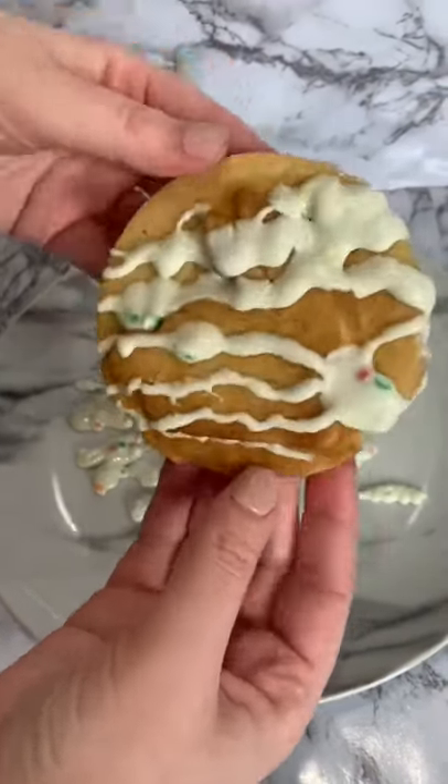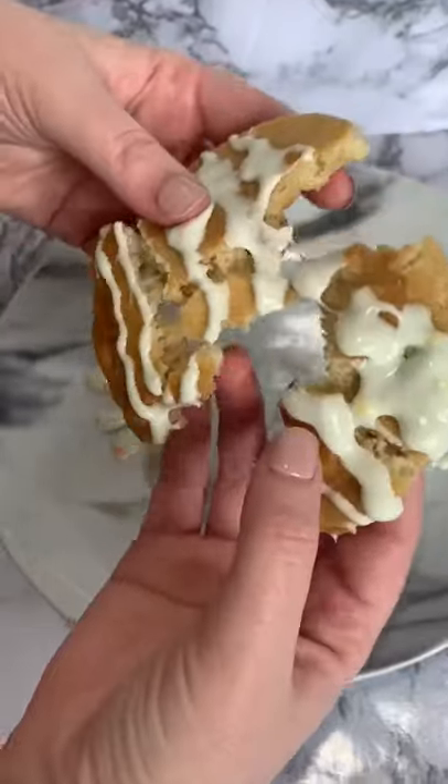This cookie was so good, you guys need to give it a try. Comment down below what else we should put in the waffle maker and follow along to see more.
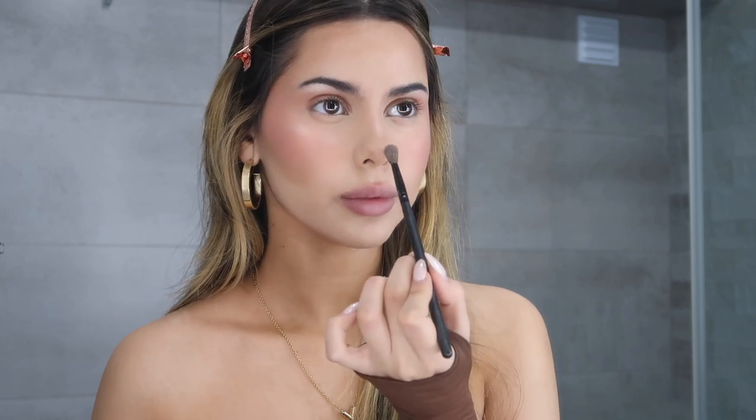For the nose, I'm just going to go down the bridge like so, then put a little dot on the tip of the nose, and with whatever is left on the brush I'll apply a little bit on the chin and then a little bit on the cupid's bow. And that's it for highlighter.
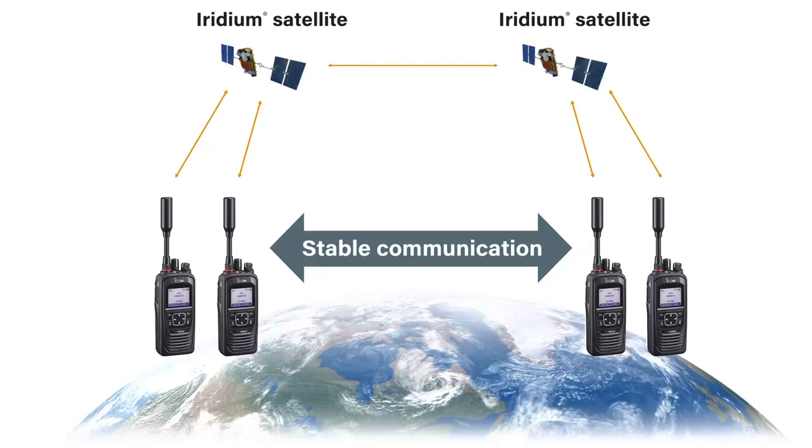The ICSAT100 series operates differently to our normal conventional radios as it operates via the Iridium satellite network. This means you can speak for much longer distances.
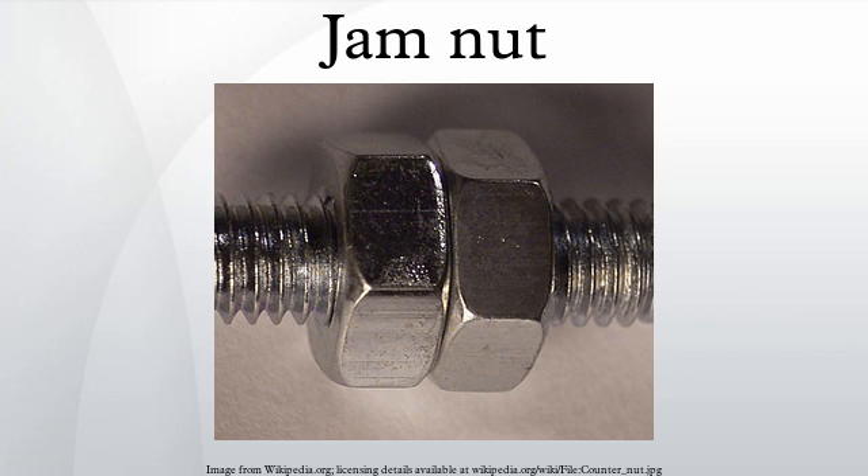Jammed nuts can also be used in situations where a threaded rod must be rotated. Since threaded rods have no bolt heads, it is difficult or impossible to apply torque to a threaded rod. A pair of jammed nuts is used to create a point where a wrench may be used.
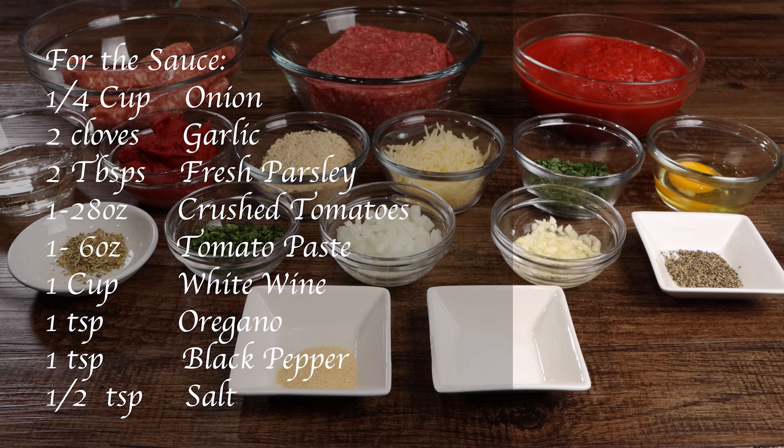You'll also need one cup of white wine, one teaspoon of oregano, one teaspoon of black pepper, and one half teaspoon of salt.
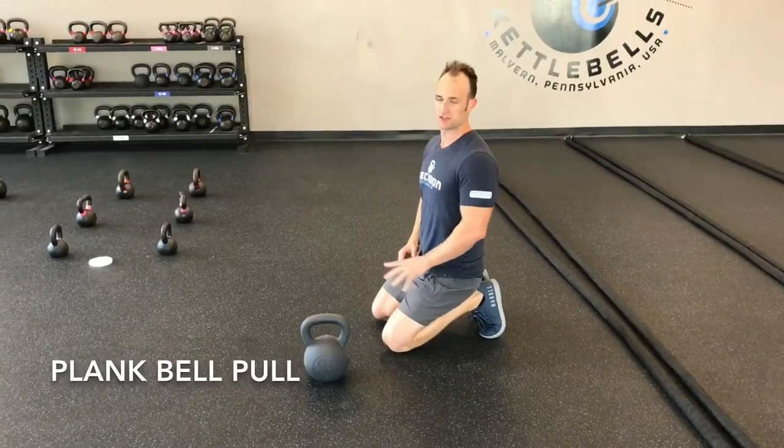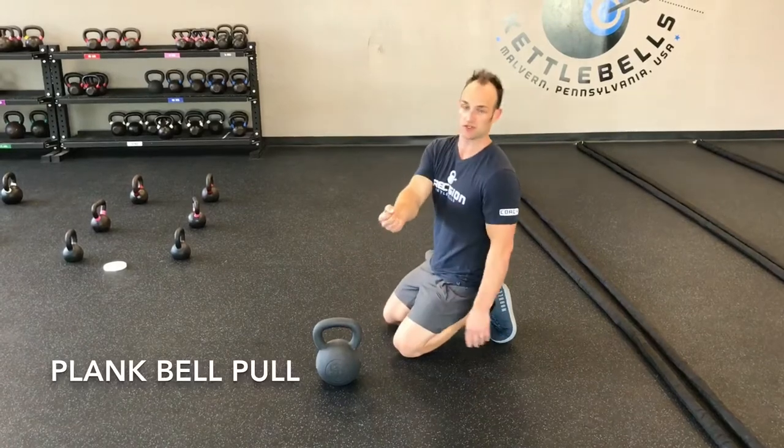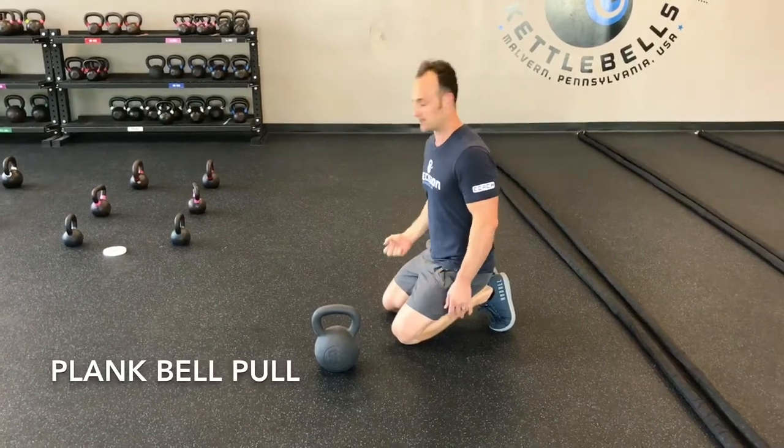The plank bell pull — you're just going to do your plank position, you're going to pull the bell across the body. The difference between pulling and pushing is that you have to grab the bell from the opposite side of the body and pull it to the same side.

Task objective: Beginning with the line above that has "For the nose, I'm" and going on through the line that has "The ICSAT100 series", retype every line exactly and add nothing else; drop the pictures.

Exercise solution:
For the nose, I'm just going to go down the bridge like so, then put a little dot on the tip of the nose, and with whatever is left on the brush I'll apply a little bit on the chin and then a little bit on the cupid's bow. And that's it for highlighter.
The ICSAT100 series operates differently to our normal conventional radios as it operates via the Iridium satellite network. This means you can speak for much longer distances.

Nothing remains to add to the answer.